Tell us about working with the director Mr. Robert Lieberman.

It was fun! Fun because I had seen his film Table for Five and I had liked it and he had done another ice skating film, though this is not an ice skating film, it is hockey. This is a father and son conflict and in the background is the hockey. It was nice working with him. He knew what he wanted and he was flexible at the same time. He respected my body of work that I bring along. He’s a polite, genuine, funny, warm kind of person. So it worked on both the levels had he been a good director and not a nice person to work with then it would have been not a nice combination, but luckily he’s a nice, warm, affectionate person.

There was such a mix of cast like from you to Rob Lowe to newcomer Vinay. How was it working in that mix of people?

It’s wonderful to work with people who know their craft. You know, it’s Rob Lowe and in that he knows what he’s doing. So it’s wonderful. You get into a sense of silent competition, which is very healthy. You know you think I am now matching the same kind of racehorse I am, let’s see. You start playing these internal funny games with yourself with the idea of growing as an actor, not with an idea of eclipsing the other actors. I’ve done enough work to sort of feel like that. It’s wonderful. Russell Peters is very funny and Camilla Belle though comparatively a newcomer, not much work, but it was wonderful working with them. With newcomers like Vinay, they also bring a certain kind of sincerity, which usually a newcomer always sort of conveys. Newcomers bring a certain amount of unsureity about themselves, which is very, very attractive because it looks real. Their performances look real, which I learn a lot from because we lose that when you do lot of work. You lose a lot of spontaneity. That’s why I work with newcomers, because I learn the value of spontaneity in acting.

And that’s interesting because Vinay told me you seemed to approach this as a first film.

Yes! Because I like to approach it that way, now that I’m comfortable with myself as an actor, I don’t have to keep proving it now. I don’t feel retired at all and not for another 30 years, yeah at least, thanks, so I approach a film completely from a newcomers’ perspective. I play games with myself as I said earlier. I said, ‘Okay, just let me do this emotion like this’. I try and make my job difficult.

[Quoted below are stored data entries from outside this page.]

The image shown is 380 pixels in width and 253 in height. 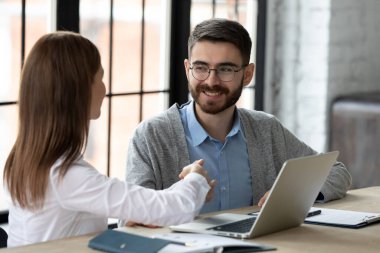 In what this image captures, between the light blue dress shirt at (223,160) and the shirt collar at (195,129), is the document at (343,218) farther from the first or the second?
the shirt collar at (195,129)

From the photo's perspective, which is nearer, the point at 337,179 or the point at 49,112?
the point at 49,112

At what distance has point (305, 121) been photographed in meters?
5.07

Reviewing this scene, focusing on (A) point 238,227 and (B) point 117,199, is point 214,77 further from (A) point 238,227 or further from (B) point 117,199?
(B) point 117,199

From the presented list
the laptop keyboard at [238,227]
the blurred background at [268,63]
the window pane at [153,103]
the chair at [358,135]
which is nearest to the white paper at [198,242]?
the laptop keyboard at [238,227]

What are audiences are going to love about the film?

It has great performances. It has great joy in telling the story. It’s a story about an underdog which audiences always love, fantastic music, its pacey, and entertaining and I think it’s great!

And you’ve worked with Akshay Kumar as a producer.

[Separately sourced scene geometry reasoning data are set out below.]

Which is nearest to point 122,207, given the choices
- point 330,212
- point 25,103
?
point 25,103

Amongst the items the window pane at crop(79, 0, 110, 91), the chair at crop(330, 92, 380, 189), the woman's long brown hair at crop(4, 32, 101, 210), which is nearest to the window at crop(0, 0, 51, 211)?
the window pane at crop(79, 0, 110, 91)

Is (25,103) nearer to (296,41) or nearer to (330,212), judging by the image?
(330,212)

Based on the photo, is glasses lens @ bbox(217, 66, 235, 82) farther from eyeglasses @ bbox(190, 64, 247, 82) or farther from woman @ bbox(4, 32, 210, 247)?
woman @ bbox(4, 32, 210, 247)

I did the film on just one call from Akshay Kumar. I did not even read the script.

Since it is such an amalgamation of cast and crew from all over the world can you see this as a new road for films?

Yes, it is! It is going to be a trend soon. India is accepted because of economic reasons also because Hollywood sees their releases and movies do wonderful business there also. So they will feel the need of including Indian technicians, Indian actors. There will be lot of such movies that will be made.

Breakaway, aka Speedy Singhs, released in India on the 23rd and is making its way into the world including Canada, the US and UK on the 30th! We would like to thank Mr. Kher for speaking with us again. It is always an amazing experience and we wish him all the best.